アルドが書類を整えていく。私が証言書を書き進めていく。
しばらくの間、静かな作業が続いた。
「エルナ」
「はい」
「三つの事件、最初から全部見ていたのは、君だけだ」
「たまたまそういう立場でした」
「たまたまではないと思う」
「どういう意味ですか」
「証人として召喚状が届いたあの日から、君は一度も逃げなかった」
私は手を止めた。
「……逃げる理由がありませんでした」
「普通の令嬢なら逃げる」
「私は普通の令嬢ではなかったようです」
「そうだな」
アルドが書類を一枚整えながら言った。
「だから、ここまで来られた」
「あなたたちが調査してくれたからです」
「俺たちは証拠を集めた。君は真実を見通した」
私は少し黙ってから、言った。
「……ありがとうございます」
「礼を言うことでもない。

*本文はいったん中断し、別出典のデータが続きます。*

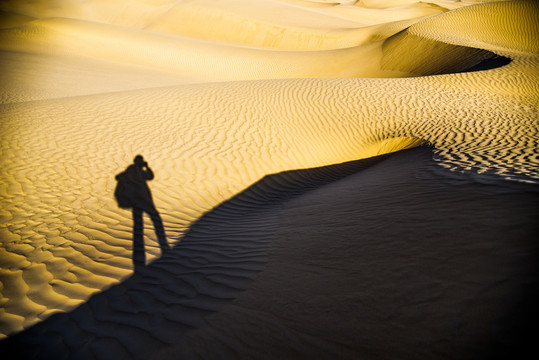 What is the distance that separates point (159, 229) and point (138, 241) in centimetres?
42

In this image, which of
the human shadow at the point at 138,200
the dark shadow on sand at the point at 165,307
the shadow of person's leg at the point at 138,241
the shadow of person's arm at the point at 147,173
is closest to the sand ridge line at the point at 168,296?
the dark shadow on sand at the point at 165,307

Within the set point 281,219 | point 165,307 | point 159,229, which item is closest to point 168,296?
point 165,307

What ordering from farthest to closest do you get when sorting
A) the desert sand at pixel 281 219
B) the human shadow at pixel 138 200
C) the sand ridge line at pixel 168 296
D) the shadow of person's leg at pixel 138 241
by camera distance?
the human shadow at pixel 138 200, the shadow of person's leg at pixel 138 241, the sand ridge line at pixel 168 296, the desert sand at pixel 281 219

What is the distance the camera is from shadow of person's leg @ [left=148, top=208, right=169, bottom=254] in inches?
152

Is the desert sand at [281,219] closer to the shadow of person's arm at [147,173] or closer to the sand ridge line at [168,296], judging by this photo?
the sand ridge line at [168,296]

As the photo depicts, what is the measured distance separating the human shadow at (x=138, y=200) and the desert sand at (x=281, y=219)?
0.11m

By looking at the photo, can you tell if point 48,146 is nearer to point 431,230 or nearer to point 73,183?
point 73,183

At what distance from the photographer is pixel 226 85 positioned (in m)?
10.9

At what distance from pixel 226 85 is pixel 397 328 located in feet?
33.9

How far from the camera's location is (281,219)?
428 cm

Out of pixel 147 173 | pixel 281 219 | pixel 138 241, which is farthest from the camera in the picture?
pixel 147 173

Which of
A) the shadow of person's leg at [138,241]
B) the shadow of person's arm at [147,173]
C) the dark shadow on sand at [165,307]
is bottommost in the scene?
the dark shadow on sand at [165,307]

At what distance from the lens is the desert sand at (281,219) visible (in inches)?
83.4

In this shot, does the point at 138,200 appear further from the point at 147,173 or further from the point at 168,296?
the point at 168,296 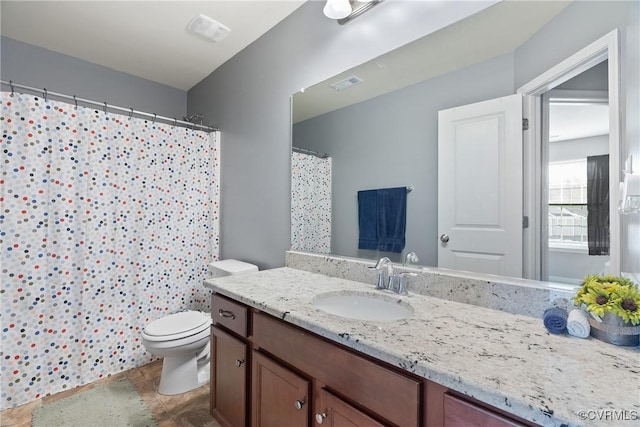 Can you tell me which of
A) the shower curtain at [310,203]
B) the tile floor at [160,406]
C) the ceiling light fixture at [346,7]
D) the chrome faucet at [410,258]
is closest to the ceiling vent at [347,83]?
the ceiling light fixture at [346,7]

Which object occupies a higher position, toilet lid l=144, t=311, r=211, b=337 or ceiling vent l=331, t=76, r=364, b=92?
ceiling vent l=331, t=76, r=364, b=92

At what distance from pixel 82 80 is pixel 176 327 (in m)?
2.29

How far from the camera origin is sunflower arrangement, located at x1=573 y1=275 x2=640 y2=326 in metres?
0.75

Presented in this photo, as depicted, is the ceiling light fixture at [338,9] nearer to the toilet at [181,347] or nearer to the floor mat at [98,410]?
the toilet at [181,347]

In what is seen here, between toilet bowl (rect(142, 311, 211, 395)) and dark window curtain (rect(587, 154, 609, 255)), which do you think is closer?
dark window curtain (rect(587, 154, 609, 255))

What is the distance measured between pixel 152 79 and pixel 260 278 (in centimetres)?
248

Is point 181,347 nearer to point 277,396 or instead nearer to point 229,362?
point 229,362

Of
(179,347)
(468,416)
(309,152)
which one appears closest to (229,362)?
(179,347)

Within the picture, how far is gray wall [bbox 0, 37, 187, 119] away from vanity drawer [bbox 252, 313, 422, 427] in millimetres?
2687

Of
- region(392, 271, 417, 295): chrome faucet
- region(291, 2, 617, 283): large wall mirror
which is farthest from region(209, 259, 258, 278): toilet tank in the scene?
region(392, 271, 417, 295): chrome faucet

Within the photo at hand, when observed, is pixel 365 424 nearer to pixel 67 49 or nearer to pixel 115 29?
pixel 115 29

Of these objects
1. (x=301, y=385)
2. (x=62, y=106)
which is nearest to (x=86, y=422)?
(x=301, y=385)

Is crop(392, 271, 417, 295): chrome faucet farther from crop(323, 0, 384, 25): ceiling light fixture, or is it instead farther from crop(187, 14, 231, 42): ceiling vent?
crop(187, 14, 231, 42): ceiling vent

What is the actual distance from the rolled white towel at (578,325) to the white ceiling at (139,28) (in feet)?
6.91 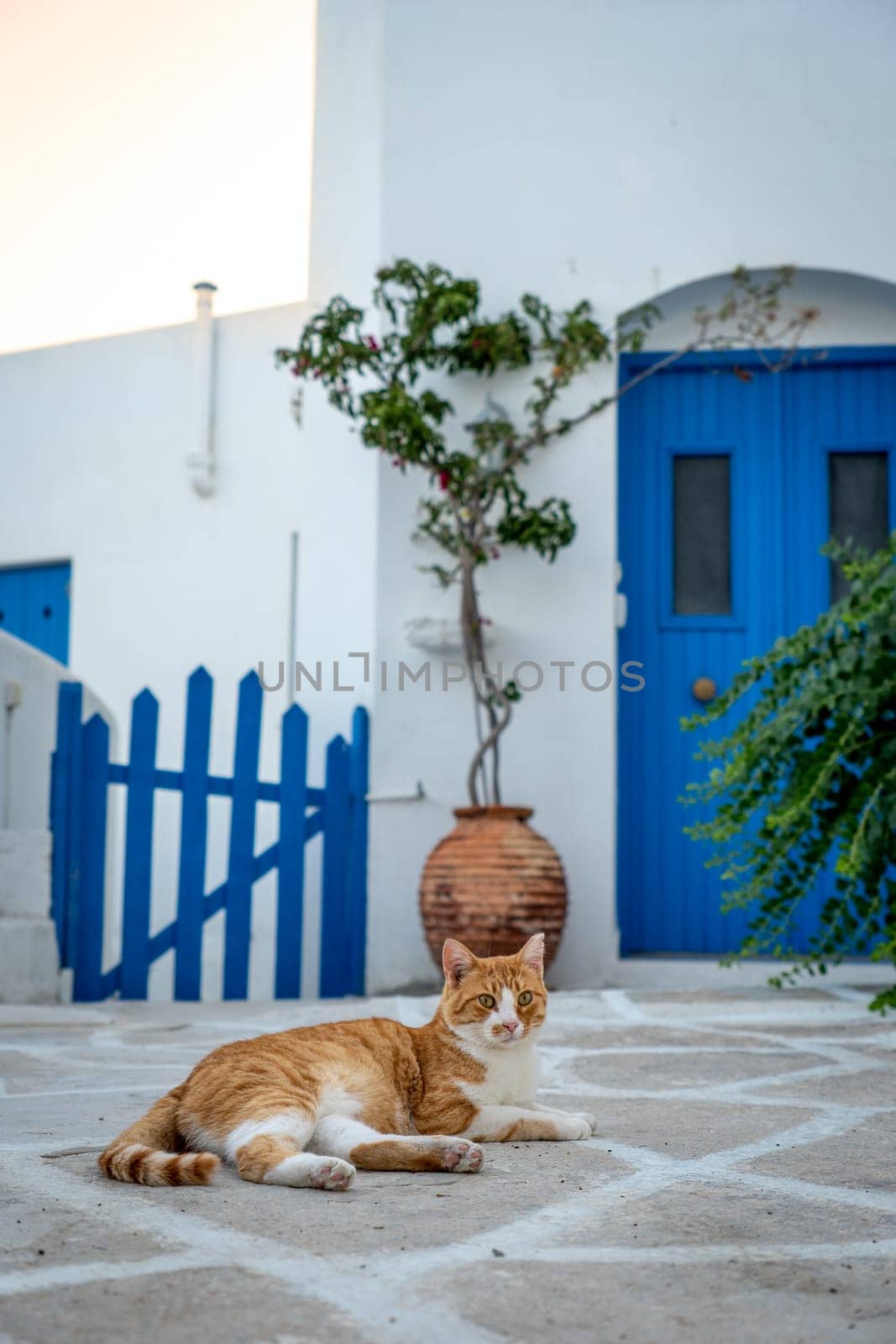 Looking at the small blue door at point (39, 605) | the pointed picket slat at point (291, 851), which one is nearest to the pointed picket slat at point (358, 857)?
the pointed picket slat at point (291, 851)

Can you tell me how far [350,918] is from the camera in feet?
18.0

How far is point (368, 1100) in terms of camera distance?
211 centimetres

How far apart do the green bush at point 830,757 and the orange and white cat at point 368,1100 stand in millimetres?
1718

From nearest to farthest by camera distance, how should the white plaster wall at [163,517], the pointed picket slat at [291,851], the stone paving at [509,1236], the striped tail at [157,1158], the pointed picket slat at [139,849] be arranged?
the stone paving at [509,1236], the striped tail at [157,1158], the pointed picket slat at [139,849], the pointed picket slat at [291,851], the white plaster wall at [163,517]

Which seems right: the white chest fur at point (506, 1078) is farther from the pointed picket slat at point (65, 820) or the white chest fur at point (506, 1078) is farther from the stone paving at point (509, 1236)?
the pointed picket slat at point (65, 820)

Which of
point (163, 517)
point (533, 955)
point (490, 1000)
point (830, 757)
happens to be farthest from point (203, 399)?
point (490, 1000)

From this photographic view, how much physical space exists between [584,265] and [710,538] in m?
1.25

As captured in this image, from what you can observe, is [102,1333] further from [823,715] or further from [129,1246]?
[823,715]

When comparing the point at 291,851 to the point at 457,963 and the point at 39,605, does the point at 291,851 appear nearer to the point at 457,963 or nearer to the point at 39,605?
the point at 457,963

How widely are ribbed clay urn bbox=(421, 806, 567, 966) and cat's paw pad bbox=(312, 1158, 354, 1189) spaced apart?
3.02 meters

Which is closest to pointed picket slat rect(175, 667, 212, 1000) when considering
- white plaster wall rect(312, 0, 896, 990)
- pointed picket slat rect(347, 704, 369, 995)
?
pointed picket slat rect(347, 704, 369, 995)

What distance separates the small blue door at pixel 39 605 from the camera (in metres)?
8.66

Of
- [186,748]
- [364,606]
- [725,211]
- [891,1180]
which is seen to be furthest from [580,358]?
[891,1180]

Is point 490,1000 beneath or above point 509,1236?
above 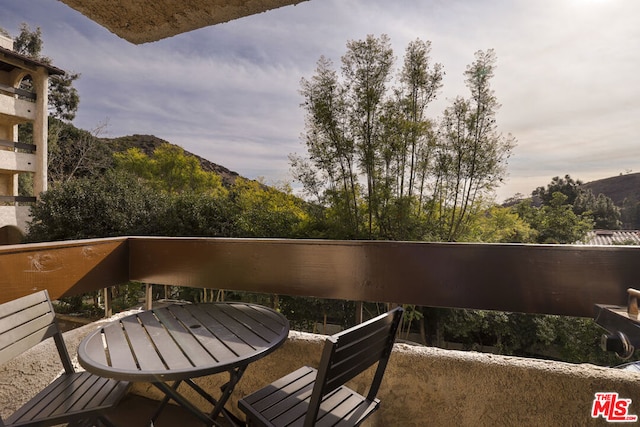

事実だ」
「事実でも、言いたいことがあります」
「そうか」
「はい」
また沈黙が来た。
今回は、落ち着いた沈黙だった。
窓の外に夕日が差し始めていた。
「もうすぐ日が沈む」
「そうですね」
「今日中に証言書の骨格を作れるか」
「はい。できます」
「なら続けよう」
「はい」
私はペンを走らせた。
七十三点の証拠。三つの事件。三年間の横領。
それをすべて一本の証言書にまとめる。
この証言書が、すべての終わりの始まりになる。
(終わらせましょう、一緒に)
心の中でそう思い、文字を書き続けた。